The next watch here is an old french verge watch made in about 1800 to 1820. The movement is highly engraved - but it seems this decoration

was made later. If you look closer to the engraved plate, you can see the remains of two signatures: the watchmaker and a city. But alas both

signature parts are unreadable. As typical for continental verge watches, the winding is made from the front side, through a keyhole in the dial.

English verge watches are wound through the back side. The watch has a strong beat and is keeping good time (for a verge watch).










The dial is lightly domed enamel with roman numerals, a key hole for winding, time-setting is done with a key on the square-end from the minute

hand (as usual for those old watches). There are light damages on the enamel as you can see.










The case is out of silver, the back lid can be detached (but is not really made for this - the movement can be swung out). There are some

makers mark in the back lid - probably from the case maker, read "I K". On the back is a pattern with a church and a river.

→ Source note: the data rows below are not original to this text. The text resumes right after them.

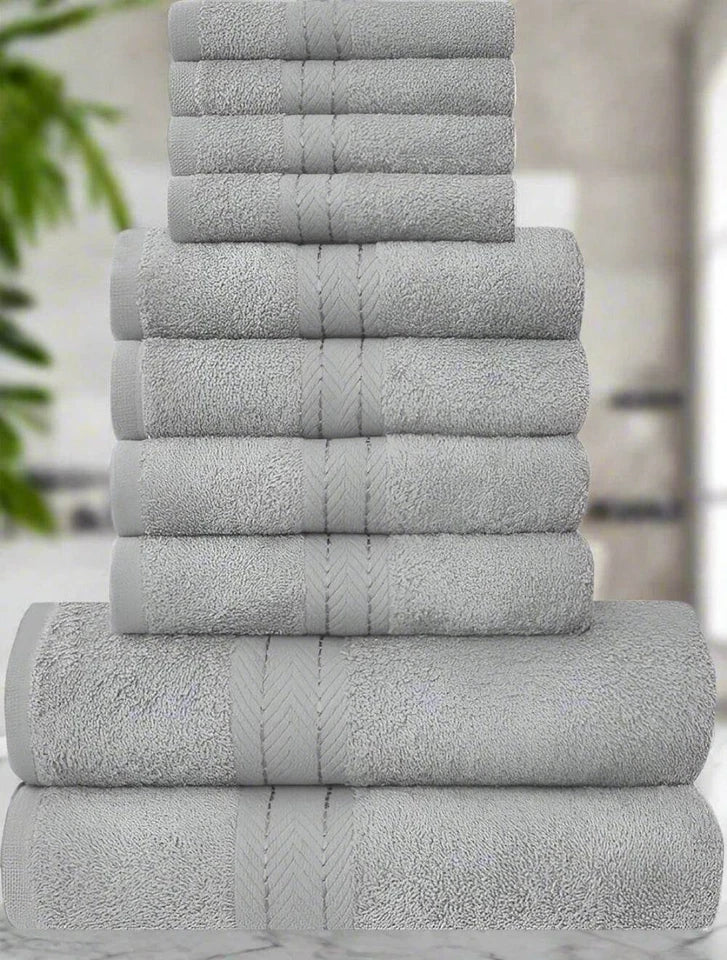 Luxury 10-Piece Towel Bale Set - 500GSM Cotton (2 Bath, 4 Hand, 4 Face)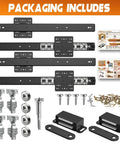 Compact Pocket Door Hardware Kit 24 Inch 4 Pack With Soft Close Track System layout with slides, screws, and components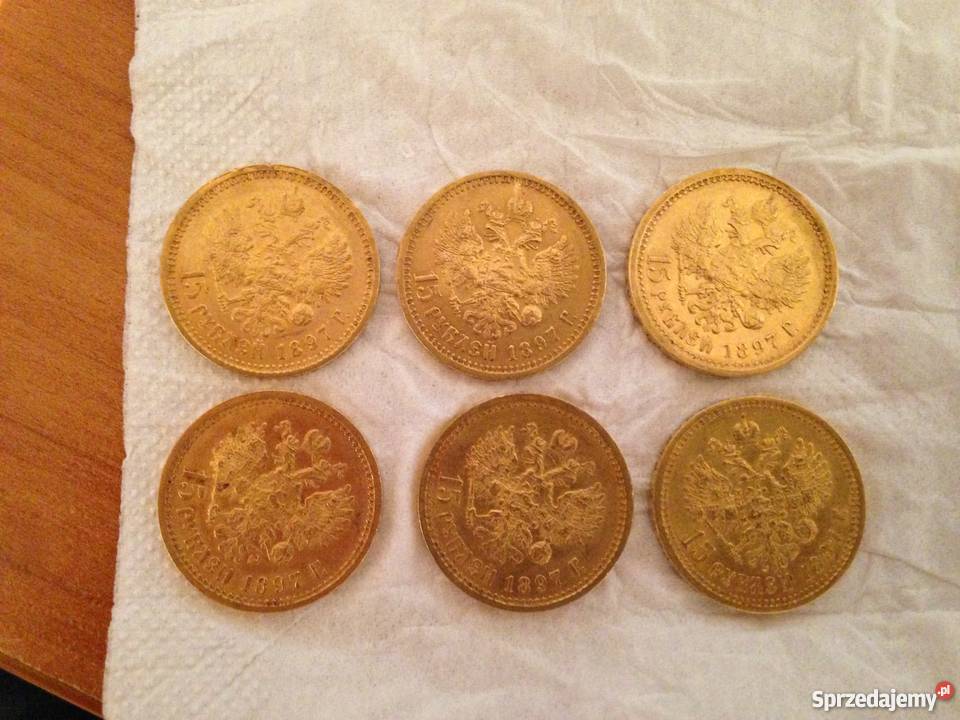 Złote monety 15 rubli Łódź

The movement is a real eye candy. Under these rich engravings is a typical full plated verge movement of plain quality, the _Coq_ (balance

wheel bridge) fixed with two screws is typical for continental watches (exceptions are swedish verge watches). On this image you can see

the maker mark in the back lid and how the movement is swung out of the case. That disc beside the Coq with another square end in the center

is for the regulation (it moves a little slider that catches the hairspring). The hairspring is of old style with only two turns - if you look on modern

hairsprings you'll see much more turns. Of course the winding mechanism has a fusee (and chain). As mentioned the winding is done from the

front side.










Just another view to the movement with eyes on the crown wheel - typical and a must-have for verge watches.

Regards,

Andreas


----------



## Shangas (Jan 27, 2008)

Andreas I'd like to know - What is the watch featured in your avatar? It looks really nice.


----------



## Mikrolisk (Jan 23, 2008)

That watch is an old swiss watch, sold in Austria (Graz)... later!

Andreas


----------